I draw this comparison so we can recognize that our natural instinct — the very nature that makes us so beautifully human — is to resist the limitations put upon us. One of the most common aspirations shared by humans is the power to remand death. Indeed, this very weekend, my family and I will joyously celebrate a religious faith based on such a promise. Yet, even Christians know that death is inevitable, that we must all confront what it means to live with limits.
"In recent decades, our debt has risen not out of shortage but out of surplus, excessiveness. Our society is not suffering from famine, but it must solve another problem—how to host a meal for someone who is full."

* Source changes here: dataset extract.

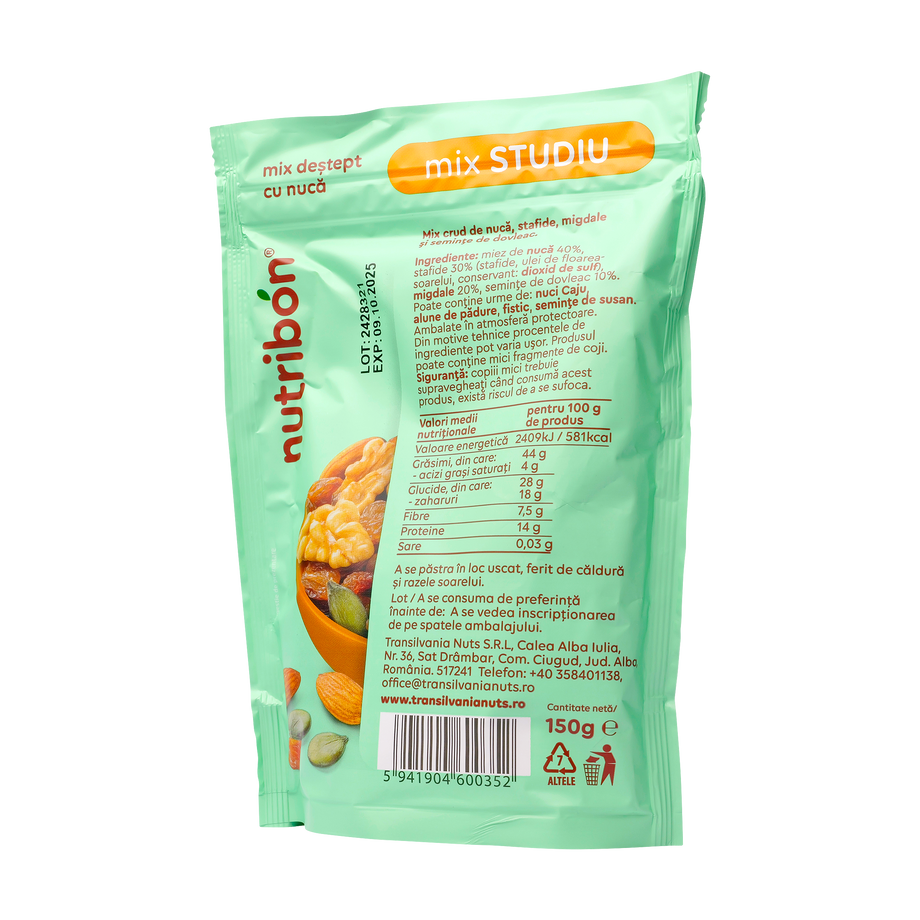 Mix studiu (miez de nuca, migdale, stafide si seminte de dovleac) 150 g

-Tomas Sedlacek in Economics of Good and Evil
Years ago I put together this Strong versus Fragile graphic as a way to help people think about the nature of productive cities. In the rain forest, you have a complex, adaptive system that has emerged in a way that is highly resilient and adaptable. The corn field, in contrast, is a managed (not emergent) system based on the goal of efficiency, constantly increasing the amount of output for a given unit of input. The corn field is fragile; one hail storm, a few weeks of drought, or a swarm of locusts and it's gone.
We might think we prefer the human equivalent of the rain forest, but do we?
Let's pretend we were made king/queen of a portion of a rain forest and, magically, we had the authority and resources we needed to right the wrongs, correct the deficiencies, that we saw in the world around us. What would we do?
As we delved into the situation, we would quickly realize that the process of emerging, of developing a resilient equilibrium, is a brutal one. In the rain forest, one creature's cruel death is the essential nutrients for many others. A tree grows strong and creates an ecosystem of winners and losers. Another tree falls and an entirely different system of winners and losers takes over. Would any of us have the wisdom to decide which winners are best? Which is the optimum path for that moment in time?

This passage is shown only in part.